GM Cutlass RWD 1970-1987 Repair Guide

Basic Rear Axle Problems


First determine when the noise is most noticeable.

Drive Noise: Produced under vehicle.

Coast Noise: Produced while the car coasts with a closed throttle.

Float Noise: Occurs while maintaining constant car speed (just enough to keep speed constant) on a level road.

Road Noise: Brick or rough surfaced concrete roads produce noises that seem to come from the rear axle. Road noise is usually identical in drive or coast and driving on a different type of road will tell you whether the road is the problem.

Tire Noise: Tire noises are often mistaken for rear axle problems. Snow treads or unevenly worn tires produce vibrations seeming to originate elsewhere. Temporarily inflating the tires to 40 psi (276 kPa) will significantly alter noise, but will have no effect on rear axle noises, which normally cease below about 30 mph (48 kmph).

Engine/Transmission Noise: Determine at what speed the noise is most pronounced, then stop the car in a quiet place. With the transmission in Neutral, run the engine through speeds corresponding to road speeds where the noise was noticed. Noises produced with the car standing still are coming from the engine or transmission.

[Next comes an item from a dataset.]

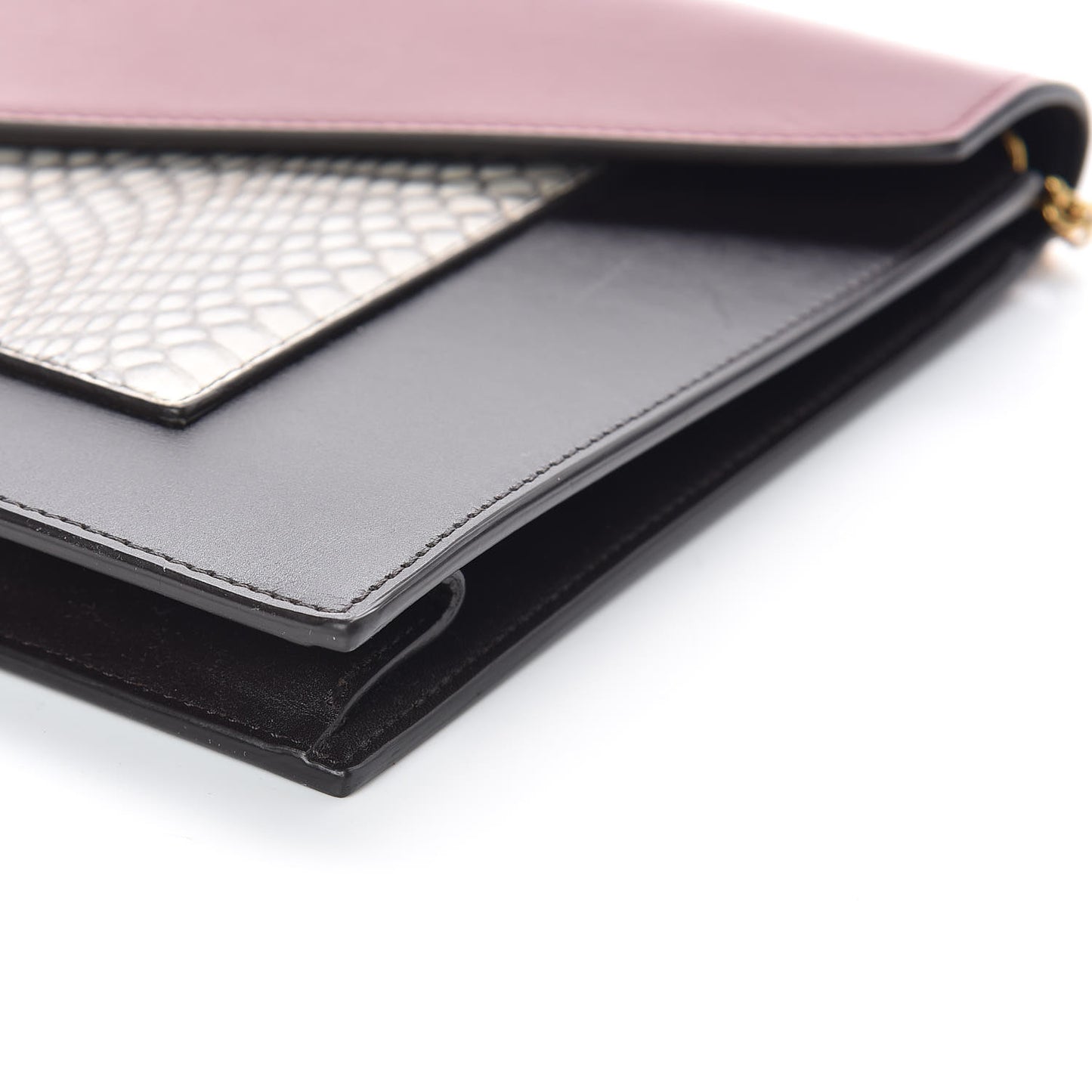 Cobra Shiny Calfskin Clutch On A Chain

Front Wheel Bearings: While holding the car speed steady, lightly apply the footbrake; this will often decrease bearing noise, as some of the load is taken from the bearing.

Rear Axle Noise: Eliminating other possible source can narrow the cause to the rear axle, which normally produces noise from worn gears or bearings. Gear noises tend to peak in a narrow speed range, while bearing noises will usually vary in pitch with engine speeds.